Dell EMC’s India R&D centre has emerged as the key player to its latest and powerful, 14th generation server. The product takes scalability, automation and security to next level.
B Rudramani, head of Dell India R&D, said about 25 of the 45 software programmes in the server were done out of the Bengaluru centre, and so also the final system testing with the hardware and software combined.
The server was launched globally on 12th July 2017, and is designed to cater to the cloud and the massively compute-intensive requirements of present-day data centres, emerging from applications such as artificial intelligence, machine learning, and data analytics.
“India innovation drives Dell servers for the world,” Rudramani said. The India centre, started 15 years ago, is Dell’s second biggest in its global operations. The work on the 14th generation PowerEdge server began two-and-a half years ago. Rudramani said there was an India hand in each of the major aspects of the server – scalability, automation, and security.
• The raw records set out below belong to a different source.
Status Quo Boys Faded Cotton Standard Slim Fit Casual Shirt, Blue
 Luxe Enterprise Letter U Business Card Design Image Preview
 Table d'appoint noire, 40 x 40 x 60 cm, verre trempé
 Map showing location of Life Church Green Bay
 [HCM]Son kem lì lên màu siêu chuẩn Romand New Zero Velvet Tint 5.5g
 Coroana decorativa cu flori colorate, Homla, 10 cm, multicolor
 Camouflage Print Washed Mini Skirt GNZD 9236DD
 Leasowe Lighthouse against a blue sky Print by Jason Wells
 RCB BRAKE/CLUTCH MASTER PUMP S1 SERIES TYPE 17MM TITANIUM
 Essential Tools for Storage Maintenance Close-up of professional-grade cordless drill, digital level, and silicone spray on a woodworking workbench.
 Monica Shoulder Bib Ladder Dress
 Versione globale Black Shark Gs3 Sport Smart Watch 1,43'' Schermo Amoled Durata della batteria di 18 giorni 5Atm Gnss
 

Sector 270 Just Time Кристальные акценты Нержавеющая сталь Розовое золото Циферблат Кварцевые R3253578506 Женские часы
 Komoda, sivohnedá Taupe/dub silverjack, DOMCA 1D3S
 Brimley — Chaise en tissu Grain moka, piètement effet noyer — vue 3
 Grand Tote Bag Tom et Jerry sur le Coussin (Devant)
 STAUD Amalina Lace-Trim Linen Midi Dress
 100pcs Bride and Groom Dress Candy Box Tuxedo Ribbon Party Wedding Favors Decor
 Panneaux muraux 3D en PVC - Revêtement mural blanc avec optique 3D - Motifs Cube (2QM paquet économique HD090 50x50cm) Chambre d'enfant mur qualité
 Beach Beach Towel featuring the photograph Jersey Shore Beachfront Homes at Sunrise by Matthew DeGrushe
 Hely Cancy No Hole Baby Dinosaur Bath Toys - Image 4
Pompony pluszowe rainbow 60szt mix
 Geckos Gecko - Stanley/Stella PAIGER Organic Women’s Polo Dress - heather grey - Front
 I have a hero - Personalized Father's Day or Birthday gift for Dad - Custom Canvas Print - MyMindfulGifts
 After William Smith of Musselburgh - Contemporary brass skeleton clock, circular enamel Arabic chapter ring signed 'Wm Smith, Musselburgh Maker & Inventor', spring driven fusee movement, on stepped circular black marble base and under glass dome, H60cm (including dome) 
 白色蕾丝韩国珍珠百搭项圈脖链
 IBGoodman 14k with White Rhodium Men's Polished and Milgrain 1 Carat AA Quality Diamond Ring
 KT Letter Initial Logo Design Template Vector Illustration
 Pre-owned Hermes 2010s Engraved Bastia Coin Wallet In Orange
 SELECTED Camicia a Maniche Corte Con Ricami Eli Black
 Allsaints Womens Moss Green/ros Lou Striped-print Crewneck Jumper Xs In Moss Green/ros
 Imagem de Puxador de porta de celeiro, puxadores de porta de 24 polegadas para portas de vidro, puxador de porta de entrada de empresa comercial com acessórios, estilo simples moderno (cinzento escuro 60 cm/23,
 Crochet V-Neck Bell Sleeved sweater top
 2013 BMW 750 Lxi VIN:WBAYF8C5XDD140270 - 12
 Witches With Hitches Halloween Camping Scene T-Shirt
“Engineers here were involved in the architecture, design, development, and even in getting the product out of the door,” he said. This, he said, led to a number of innovative ideas being recognized and filed as patents.
Compared to the 13th generation server, the new solution dramatically simplifies the ability to manage a multitude of servers, it brings power savings, and it increases security both at the hardware and system-level, Dell said. Manish Gupta, who leads the computer and networking group in Dell EMC India, said it reduces the cost for the same level of compute power.
He said this allows him to sell even to the mid-market, and not just enterprises. “Mid-market customers also are looking at new tech because data analytics is becoming crucial for them too,” he said.